Source records START

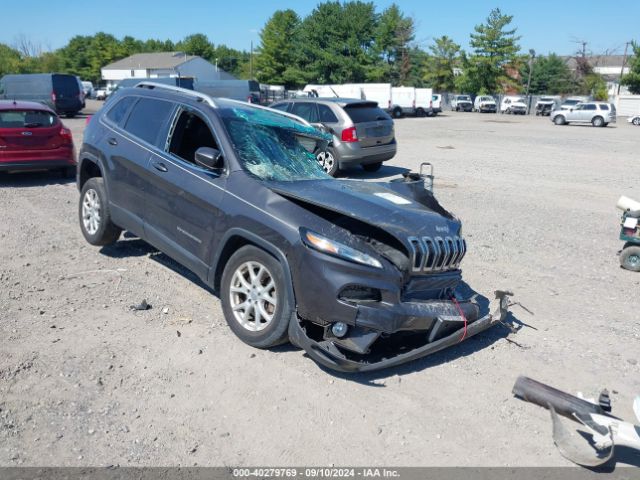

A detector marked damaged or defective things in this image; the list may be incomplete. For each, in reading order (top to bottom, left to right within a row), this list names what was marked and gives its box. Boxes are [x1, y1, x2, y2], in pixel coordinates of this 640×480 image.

shattered windshield [218, 101, 332, 182]
damaged jeep cherokee [79, 84, 510, 374]
broken headlight [298, 227, 380, 268]
damaged hood [268, 179, 462, 240]
detached bumper piece [288, 288, 512, 372]
crushed front bumper [288, 290, 512, 374]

Source records END

Retype the data in full. Images do not go in the copy.

_Solved exercise_
A detector marked damaged or defective things in this image; the list may be incomplete. For each, in reading order (top to bottom, left to right within a row), this list names what was marked and gives its box. Boxes are [x1, y1, x2, y2], in pixel coordinates of this 640×480 image.

shattered windshield [218, 101, 332, 182]
damaged jeep cherokee [79, 84, 510, 374]
broken headlight [298, 227, 380, 268]
damaged hood [268, 179, 462, 240]
detached bumper piece [288, 288, 512, 372]
crushed front bumper [288, 290, 512, 374]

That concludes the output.